**** Data for review ****
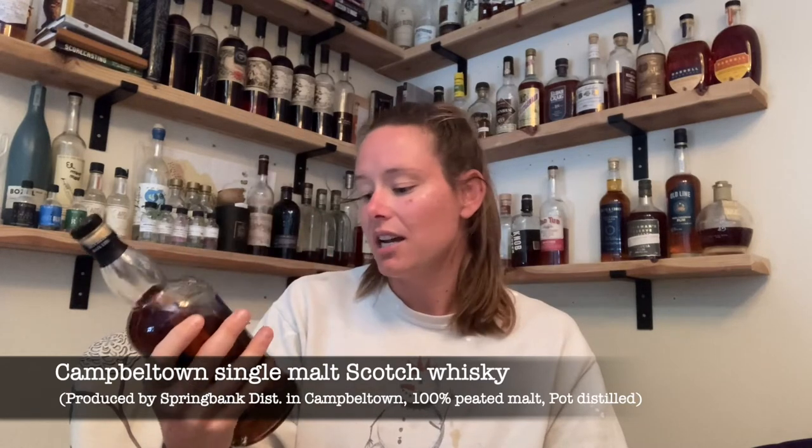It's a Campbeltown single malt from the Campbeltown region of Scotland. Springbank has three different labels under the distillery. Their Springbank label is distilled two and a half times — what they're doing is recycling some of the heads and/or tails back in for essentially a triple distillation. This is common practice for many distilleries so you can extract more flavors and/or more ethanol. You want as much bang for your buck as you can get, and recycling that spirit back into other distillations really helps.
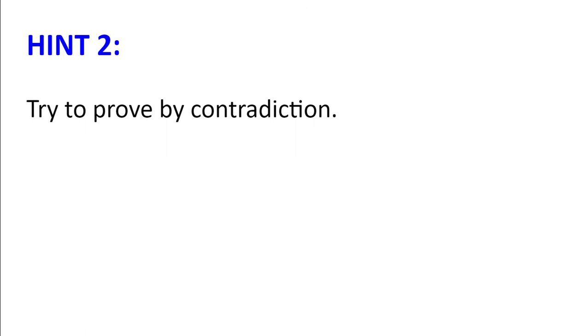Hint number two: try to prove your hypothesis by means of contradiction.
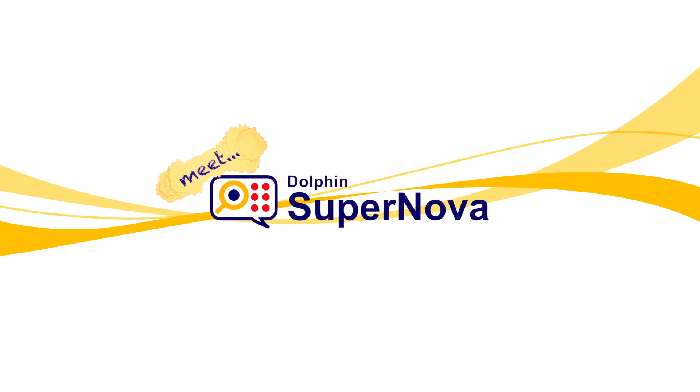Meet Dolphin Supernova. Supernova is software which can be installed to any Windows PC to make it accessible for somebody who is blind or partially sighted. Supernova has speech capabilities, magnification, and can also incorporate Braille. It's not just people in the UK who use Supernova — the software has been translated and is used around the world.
****
**** Data for review ****
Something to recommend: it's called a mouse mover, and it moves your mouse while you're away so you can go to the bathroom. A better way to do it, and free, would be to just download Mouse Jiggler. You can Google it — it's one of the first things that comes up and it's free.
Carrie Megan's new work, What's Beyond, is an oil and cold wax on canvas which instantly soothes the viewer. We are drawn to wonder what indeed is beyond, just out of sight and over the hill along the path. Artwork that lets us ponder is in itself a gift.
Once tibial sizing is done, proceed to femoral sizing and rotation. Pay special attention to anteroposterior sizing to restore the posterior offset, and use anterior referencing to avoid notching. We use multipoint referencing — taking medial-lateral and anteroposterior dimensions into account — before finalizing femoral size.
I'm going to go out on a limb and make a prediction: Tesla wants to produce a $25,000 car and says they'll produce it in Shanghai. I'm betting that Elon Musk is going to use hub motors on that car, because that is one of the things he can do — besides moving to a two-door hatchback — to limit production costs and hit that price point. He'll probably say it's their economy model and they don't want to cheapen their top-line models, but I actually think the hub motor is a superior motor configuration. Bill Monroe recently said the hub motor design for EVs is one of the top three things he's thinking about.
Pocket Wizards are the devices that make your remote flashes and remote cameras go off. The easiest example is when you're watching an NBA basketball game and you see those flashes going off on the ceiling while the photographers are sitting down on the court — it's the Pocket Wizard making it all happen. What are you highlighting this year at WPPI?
****
**** Data for review ****
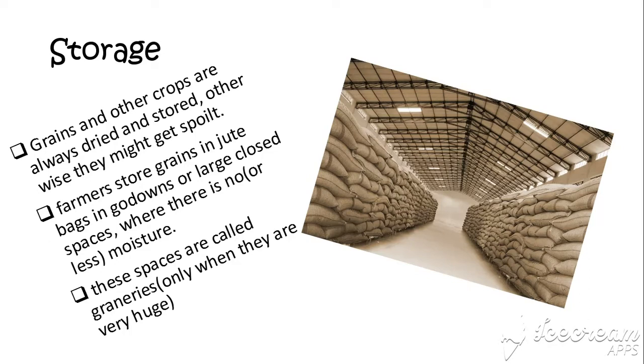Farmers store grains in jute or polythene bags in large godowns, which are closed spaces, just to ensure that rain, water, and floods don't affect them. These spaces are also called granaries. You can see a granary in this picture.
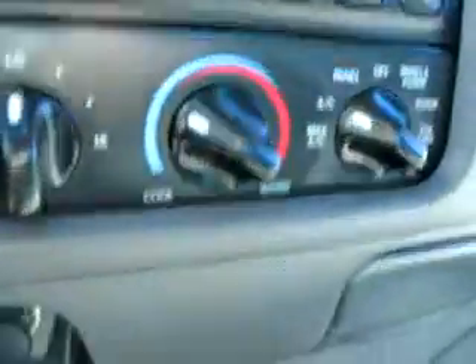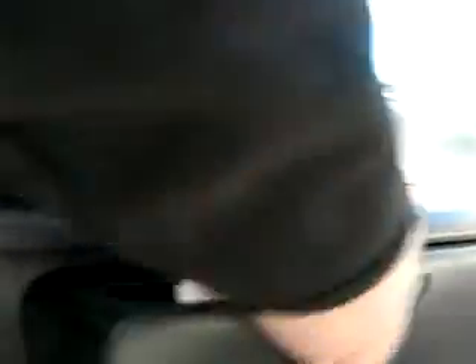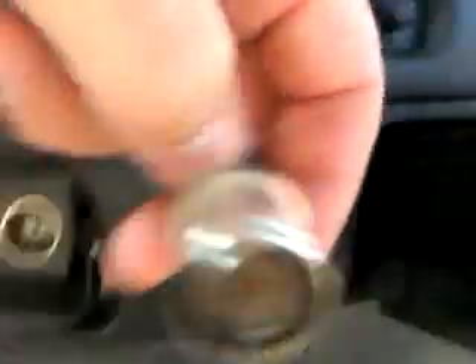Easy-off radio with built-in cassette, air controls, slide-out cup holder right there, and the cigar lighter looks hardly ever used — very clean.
****
▶ **Exercise description**: Tell how many lines of the entries above include "while". The answer should be the number and nothing more.

▶ **Exercise solution**: 2